Looking for citizenship, foreign investors fund Missoula Sawmill District projects

2015/06/24 2:03am

A 20-unit condo project, student housing and executive-style apartments planned for the Old Sawmill District this year will receive a portion of $23 million from foreign investors under a federal visa program managed in Montana by the Northern Rockies Regional Center.

“We now have 46 foreign investors who have each made a $500,000 commitment to the Missoula community. It has a ripple effect, a broader effect. They now have roots in our state and they’re interested in expanding their participation in our economic development.” - Arnold Sherman

Nearly $23 million in foreign investment authorized under a U.S. visa program is helping fund several large projects heading for the Old Sawmill District in Missoula, the first of which broke ground Tuesday.

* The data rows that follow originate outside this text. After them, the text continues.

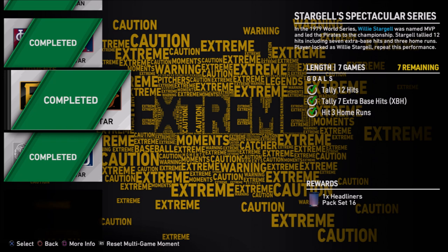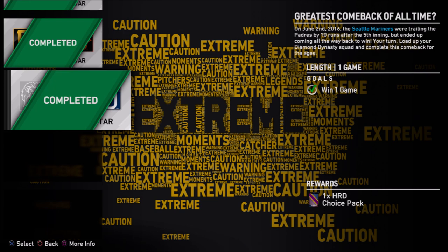For Starters Star Joe's Spectacular Series, it's the same method as the previous one since it's multiple games. You can use the dashboard method — especially if you hit a home run in the first game and get no hits in the second one. Just keep restarting at the second game until you knock out some of the requirements left.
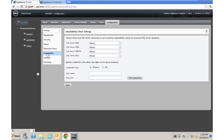Attachability will be covered under SQL — this is where we tell App Assure which SQL server we want to leverage for attachability testing.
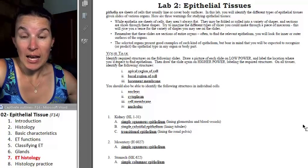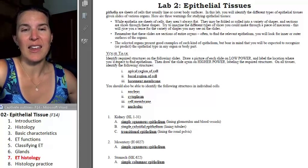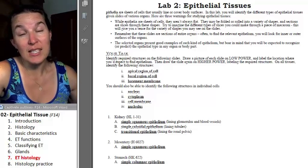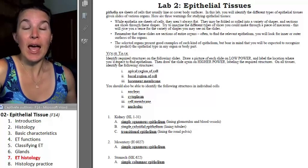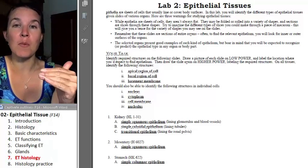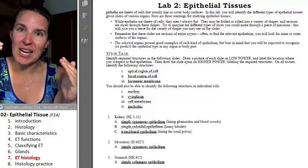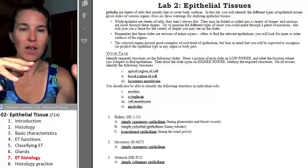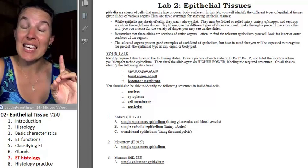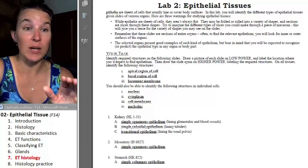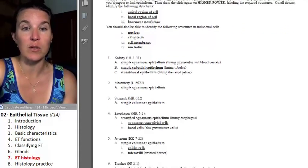In our lab today, we are looking at — I think there are five or six slides that you're going to explore. Your job with the slides is to find the specific kind of epithelia that is described, in addition to identifying any other epithelial structures that we've looked at.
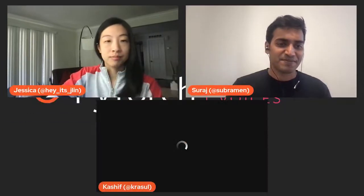We're really excited to have him come on to talk about these two very impactful projects. Welcome, Kashif! Nice to see you Suraj, nice to see you Jessica.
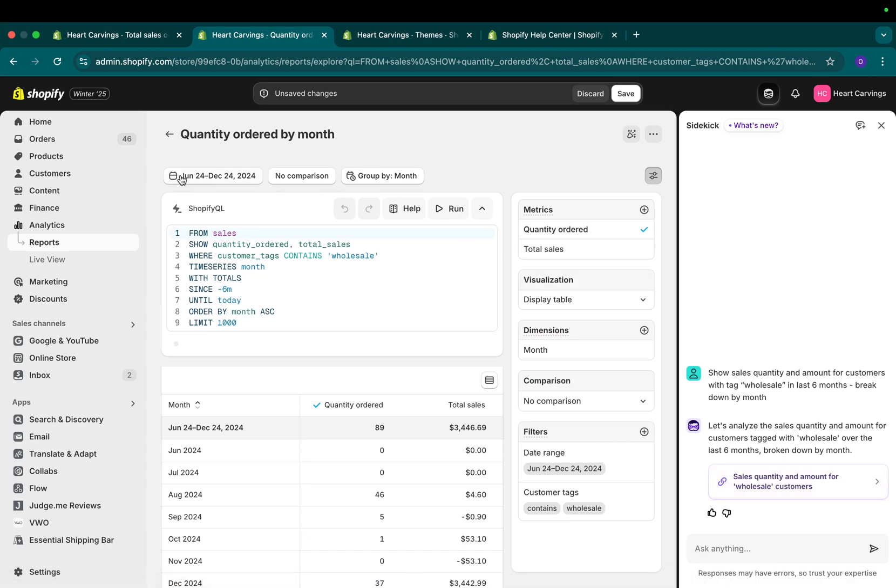Again, I have my time frame. I have all of my configurations on the right hand side. And if you notice, you'll have the date range and the customer tag contains the word wholesale.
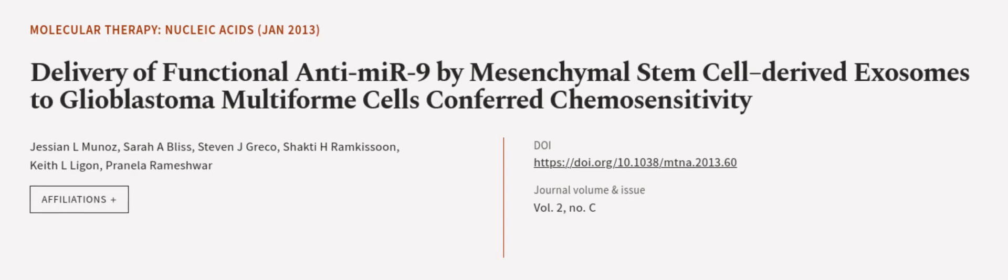This article was authored by Jesse N. Munoz, Sarah A. Bliss, Stephen J. Greco, and others.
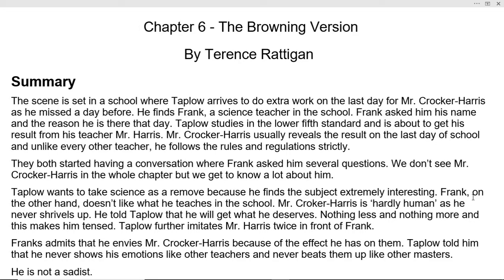Good morning dear students. Today I am going to teach you lesson number six, The Browning Version. It is written by the great writer Terence Rattigan.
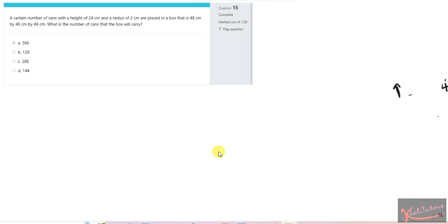Without wasting any more of your time, let us read the question. A certain number of cans with a height of 24 centimeters and a radius of 2 centimeters are placed in a box that is 48 cm by 48 cm by 48 cm. What is the number of cans that the box will carry?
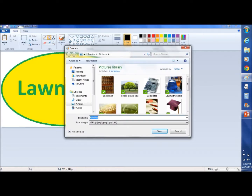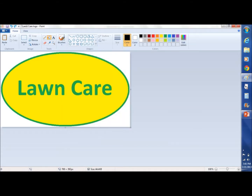The save menu pops up. We want to change the name to 'lawn care logo' and we're going to save that.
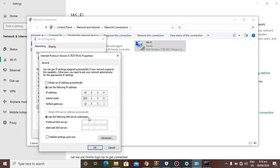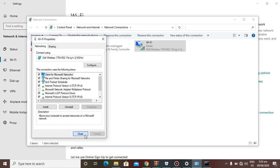In the DNS server fields at the bottom, type in 8.8.8.8 for the preferred DNS server and 8.8.4.4 for the alternate DNS server. Then click OK and close.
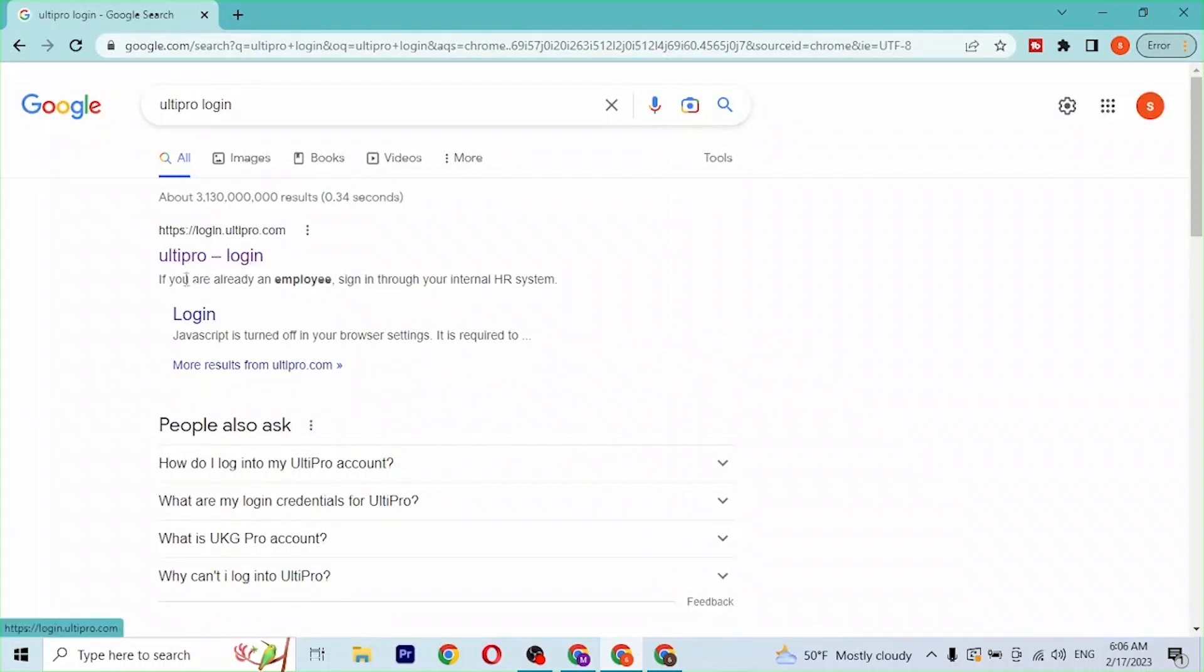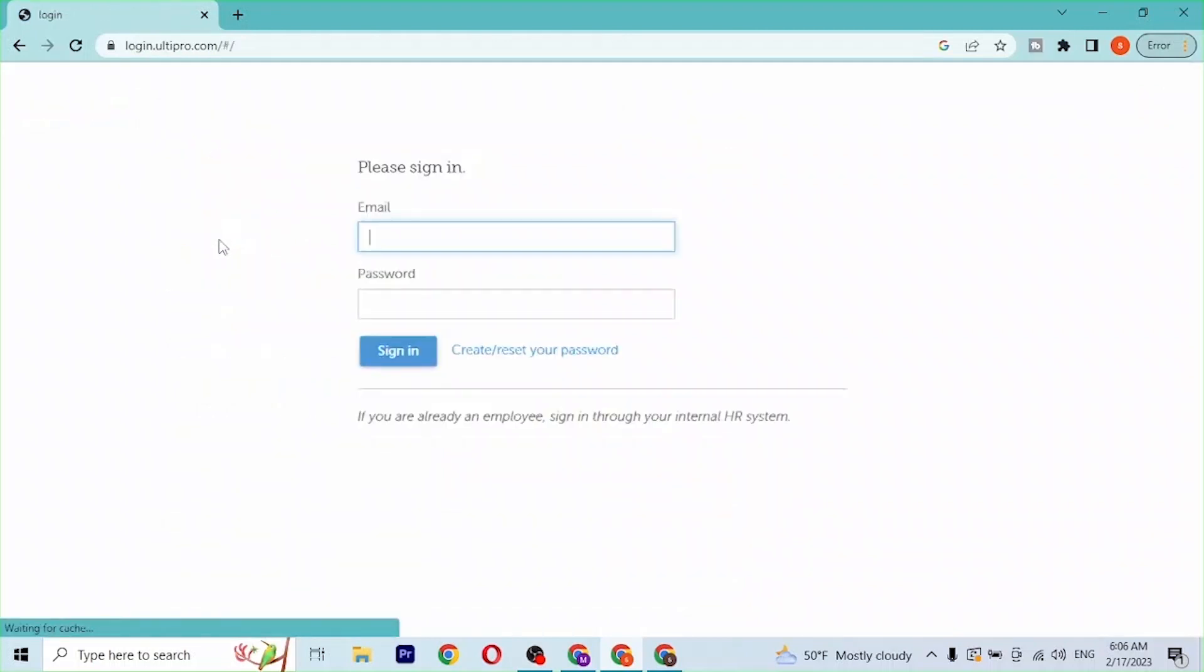It says if you're already an employee, sign into your internal HR system. With that being said, let's click on the UltiPro account or the article site on the Google over here.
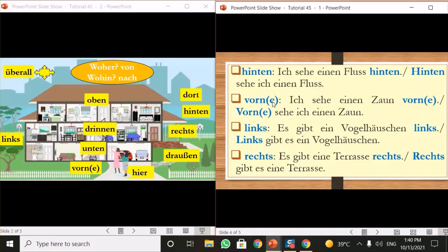Next is 'vorne' or 'vorn' — both spellings are possible — which means 'in the front.' For example: 'Ich sehe einen Zaun vorne' — I see a fence in the front. Or 'Vorne sehe ich einen Zaun' — in the front I see a fence. 'Zaun' means the fence; it is 'der Zaun,' so with the indefinite article it becomes 'einen Zaun.'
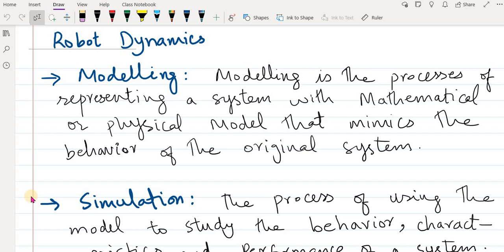Hello everyone, welcome to another lecture on robotics. In this lecture we shall study about robot dynamics — how to model a system using dynamic equations. If you remember from the previous lecture, we did system modeling using kinematics equations.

The prestigious Yellowstone Club and a gold mine near Boulder also are looking for foreign capital, according to managers who run the EB-5 visa program in Montana at the Northern Rockies Regional Center, located in Missoula.

“In April 2011, we were officially deemed a regional center,” said Arnold Sherman, one of the center’s managing directors. “That has its own special designation, its own status that’s required for visa applicants to get certain privileges as it relates to job creation.”

The EB-5 program, run by the U.S. Citizenship and Immigration Services, was established by Congress in 1990 to stimulate the economy by allowing foreign individuals to invest in projects that create American jobs.

The minimum qualifying investment is $1 million, or $500,000 in rural areas. In return for their investment, the individual and his or her family receive residential status for two years. If their investment creates at least 10 jobs, the investor receives U.S. citizenship.

“We now have 46 foreign investors who have each made a $500,000 commitment to the Missoula community,” Sherman told members of the Missoula Economic Partnership on Tuesday. “It has a ripple effect, a broader effect. They now have roots in our state and they’re interested in expanding their participation in our economic development.”

Ed Wetherbee, who also serves as managing director for the Northern Rockies Regional Center and is a partner in the Old Sawmill District, said $23 million has been committed to the Missoula development through the EB-5 program.

Wetherbee estimates the funding will pay for roughly 15 percent of the larger project, which carries an estimated $200 million price tag when fully built on what once served as an industrial site.

“This project is benefiting from the EB-5 program, as well as local bank financing,” said Wetherbee. “The program is an important piece of the entire puzzle.”